(Task to complete) Using the data below, return the stretch from the line that contains "Festejan Aleksandar Mitrovic" through the line that contains "Volkswagen GOLF Variant", both included, exactly as it stands and nothing beyond it.

(Dataset)
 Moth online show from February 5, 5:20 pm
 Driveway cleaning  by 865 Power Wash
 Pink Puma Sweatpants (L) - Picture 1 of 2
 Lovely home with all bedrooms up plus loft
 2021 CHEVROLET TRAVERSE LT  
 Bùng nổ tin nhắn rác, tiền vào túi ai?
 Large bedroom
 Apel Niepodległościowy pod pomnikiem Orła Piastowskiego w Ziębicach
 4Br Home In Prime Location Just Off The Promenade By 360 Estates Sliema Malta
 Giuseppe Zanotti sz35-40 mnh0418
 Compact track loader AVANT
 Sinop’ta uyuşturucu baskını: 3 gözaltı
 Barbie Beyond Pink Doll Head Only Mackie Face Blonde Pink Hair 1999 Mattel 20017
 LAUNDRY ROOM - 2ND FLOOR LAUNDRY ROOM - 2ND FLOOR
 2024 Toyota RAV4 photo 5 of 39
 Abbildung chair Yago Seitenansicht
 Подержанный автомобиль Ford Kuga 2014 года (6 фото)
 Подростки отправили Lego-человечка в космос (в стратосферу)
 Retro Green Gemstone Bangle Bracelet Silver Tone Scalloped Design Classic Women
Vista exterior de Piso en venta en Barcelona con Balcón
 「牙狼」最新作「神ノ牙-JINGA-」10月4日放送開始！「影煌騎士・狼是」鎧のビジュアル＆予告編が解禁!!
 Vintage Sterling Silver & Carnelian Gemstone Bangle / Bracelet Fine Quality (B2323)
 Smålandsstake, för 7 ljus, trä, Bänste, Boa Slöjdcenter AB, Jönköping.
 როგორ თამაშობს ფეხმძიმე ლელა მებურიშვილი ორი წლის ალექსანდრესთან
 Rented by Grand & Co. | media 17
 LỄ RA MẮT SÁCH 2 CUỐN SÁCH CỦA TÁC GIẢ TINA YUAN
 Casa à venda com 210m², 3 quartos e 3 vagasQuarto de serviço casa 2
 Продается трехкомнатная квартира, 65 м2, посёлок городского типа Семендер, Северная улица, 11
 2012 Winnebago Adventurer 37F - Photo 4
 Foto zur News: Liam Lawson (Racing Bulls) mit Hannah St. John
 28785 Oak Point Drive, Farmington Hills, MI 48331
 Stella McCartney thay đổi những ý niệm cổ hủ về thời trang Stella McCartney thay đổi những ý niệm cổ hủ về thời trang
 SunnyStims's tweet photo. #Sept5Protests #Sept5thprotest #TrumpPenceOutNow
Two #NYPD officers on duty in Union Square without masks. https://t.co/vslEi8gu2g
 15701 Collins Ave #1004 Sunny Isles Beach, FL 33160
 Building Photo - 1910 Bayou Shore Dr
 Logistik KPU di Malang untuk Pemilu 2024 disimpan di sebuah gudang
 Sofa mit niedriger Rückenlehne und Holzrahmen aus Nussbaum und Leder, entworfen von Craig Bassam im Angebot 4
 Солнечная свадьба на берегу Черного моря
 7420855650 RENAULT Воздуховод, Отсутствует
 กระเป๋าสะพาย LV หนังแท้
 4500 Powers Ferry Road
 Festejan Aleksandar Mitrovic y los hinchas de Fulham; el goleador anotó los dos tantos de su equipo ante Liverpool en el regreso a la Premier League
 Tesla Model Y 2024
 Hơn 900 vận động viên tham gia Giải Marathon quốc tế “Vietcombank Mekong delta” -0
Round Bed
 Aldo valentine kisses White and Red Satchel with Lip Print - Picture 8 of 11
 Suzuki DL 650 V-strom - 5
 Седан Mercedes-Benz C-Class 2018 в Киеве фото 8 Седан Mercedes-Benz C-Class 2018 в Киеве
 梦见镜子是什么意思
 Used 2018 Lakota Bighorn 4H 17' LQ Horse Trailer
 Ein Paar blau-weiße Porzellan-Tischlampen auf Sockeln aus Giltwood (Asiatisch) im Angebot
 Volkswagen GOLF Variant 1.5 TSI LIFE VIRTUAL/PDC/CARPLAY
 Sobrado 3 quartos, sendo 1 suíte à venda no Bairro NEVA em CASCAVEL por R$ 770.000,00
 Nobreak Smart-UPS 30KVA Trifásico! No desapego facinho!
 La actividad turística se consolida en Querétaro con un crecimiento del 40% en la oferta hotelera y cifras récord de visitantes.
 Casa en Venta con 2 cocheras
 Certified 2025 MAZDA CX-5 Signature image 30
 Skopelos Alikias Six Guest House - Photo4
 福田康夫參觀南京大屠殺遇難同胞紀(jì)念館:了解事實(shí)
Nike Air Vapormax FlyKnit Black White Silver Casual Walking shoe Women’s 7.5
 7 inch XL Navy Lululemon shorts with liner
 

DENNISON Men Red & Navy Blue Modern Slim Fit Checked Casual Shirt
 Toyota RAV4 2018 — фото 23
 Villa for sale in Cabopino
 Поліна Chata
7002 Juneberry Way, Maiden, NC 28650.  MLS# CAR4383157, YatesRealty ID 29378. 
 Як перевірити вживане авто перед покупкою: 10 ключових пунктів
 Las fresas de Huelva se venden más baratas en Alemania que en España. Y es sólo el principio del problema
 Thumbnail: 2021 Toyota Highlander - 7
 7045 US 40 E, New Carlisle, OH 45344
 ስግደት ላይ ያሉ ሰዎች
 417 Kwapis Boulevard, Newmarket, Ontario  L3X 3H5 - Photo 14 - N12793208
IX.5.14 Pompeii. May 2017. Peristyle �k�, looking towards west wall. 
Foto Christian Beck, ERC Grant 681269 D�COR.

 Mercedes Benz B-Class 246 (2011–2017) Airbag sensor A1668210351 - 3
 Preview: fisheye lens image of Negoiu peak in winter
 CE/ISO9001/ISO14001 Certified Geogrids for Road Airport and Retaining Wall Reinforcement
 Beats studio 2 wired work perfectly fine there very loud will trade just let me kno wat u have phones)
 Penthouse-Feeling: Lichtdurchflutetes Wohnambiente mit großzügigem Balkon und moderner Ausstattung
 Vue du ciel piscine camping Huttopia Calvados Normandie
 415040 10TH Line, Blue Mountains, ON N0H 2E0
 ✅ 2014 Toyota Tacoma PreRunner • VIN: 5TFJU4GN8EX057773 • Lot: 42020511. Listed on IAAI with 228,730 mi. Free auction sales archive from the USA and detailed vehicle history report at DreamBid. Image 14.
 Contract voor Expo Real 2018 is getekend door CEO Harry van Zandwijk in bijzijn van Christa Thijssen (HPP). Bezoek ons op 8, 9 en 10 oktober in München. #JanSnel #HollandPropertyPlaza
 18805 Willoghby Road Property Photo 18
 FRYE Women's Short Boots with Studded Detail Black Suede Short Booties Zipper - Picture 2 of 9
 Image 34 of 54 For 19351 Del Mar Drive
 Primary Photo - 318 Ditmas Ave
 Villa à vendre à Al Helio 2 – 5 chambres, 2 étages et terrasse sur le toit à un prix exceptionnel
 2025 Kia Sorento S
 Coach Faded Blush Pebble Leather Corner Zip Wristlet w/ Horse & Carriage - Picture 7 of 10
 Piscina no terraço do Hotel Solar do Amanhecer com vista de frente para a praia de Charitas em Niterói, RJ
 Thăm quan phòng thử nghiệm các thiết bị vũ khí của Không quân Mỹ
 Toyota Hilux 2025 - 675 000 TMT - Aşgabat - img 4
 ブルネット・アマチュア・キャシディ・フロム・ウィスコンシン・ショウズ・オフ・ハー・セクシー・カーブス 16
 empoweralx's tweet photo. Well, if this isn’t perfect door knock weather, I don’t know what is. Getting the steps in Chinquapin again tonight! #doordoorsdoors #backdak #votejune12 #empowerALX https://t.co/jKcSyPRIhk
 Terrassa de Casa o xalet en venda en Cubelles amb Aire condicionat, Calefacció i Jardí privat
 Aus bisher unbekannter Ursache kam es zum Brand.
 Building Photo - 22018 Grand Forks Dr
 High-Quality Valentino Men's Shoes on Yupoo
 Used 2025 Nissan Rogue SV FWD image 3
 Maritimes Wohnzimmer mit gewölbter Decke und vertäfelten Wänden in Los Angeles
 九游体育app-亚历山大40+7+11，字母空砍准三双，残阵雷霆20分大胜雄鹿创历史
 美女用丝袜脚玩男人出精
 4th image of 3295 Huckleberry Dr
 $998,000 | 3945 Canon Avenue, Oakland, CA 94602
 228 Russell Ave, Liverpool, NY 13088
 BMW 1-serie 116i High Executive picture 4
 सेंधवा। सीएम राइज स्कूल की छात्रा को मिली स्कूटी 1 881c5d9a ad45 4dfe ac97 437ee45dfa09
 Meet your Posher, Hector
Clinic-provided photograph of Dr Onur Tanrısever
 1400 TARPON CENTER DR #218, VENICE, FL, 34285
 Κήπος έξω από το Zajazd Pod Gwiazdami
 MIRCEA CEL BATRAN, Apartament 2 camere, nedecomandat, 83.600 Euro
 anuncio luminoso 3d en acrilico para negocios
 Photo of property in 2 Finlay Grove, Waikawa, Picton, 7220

(Completed task)
 Festejan Aleksandar Mitrovic y los hinchas de Fulham; el goleador anotó los dos tantos de su equipo ante Liverpool en el regreso a la Premier League
 Tesla Model Y 2024
 Hơn 900 vận động viên tham gia Giải Marathon quốc tế “Vietcombank Mekong delta” -0
Round Bed
 Aldo valentine kisses White and Red Satchel with Lip Print - Picture 8 of 11
 Suzuki DL 650 V-strom - 5
 Седан Mercedes-Benz C-Class 2018 в Киеве фото 8 Седан Mercedes-Benz C-Class 2018 в Киеве
 梦见镜子是什么意思
 Used 2018 Lakota Bighorn 4H 17' LQ Horse Trailer
 Ein Paar blau-weiße Porzellan-Tischlampen auf Sockeln aus Giltwood (Asiatisch) im Angebot
 Volkswagen GOLF Variant 1.5 TSI LIFE VIRTUAL/PDC/CARPLAY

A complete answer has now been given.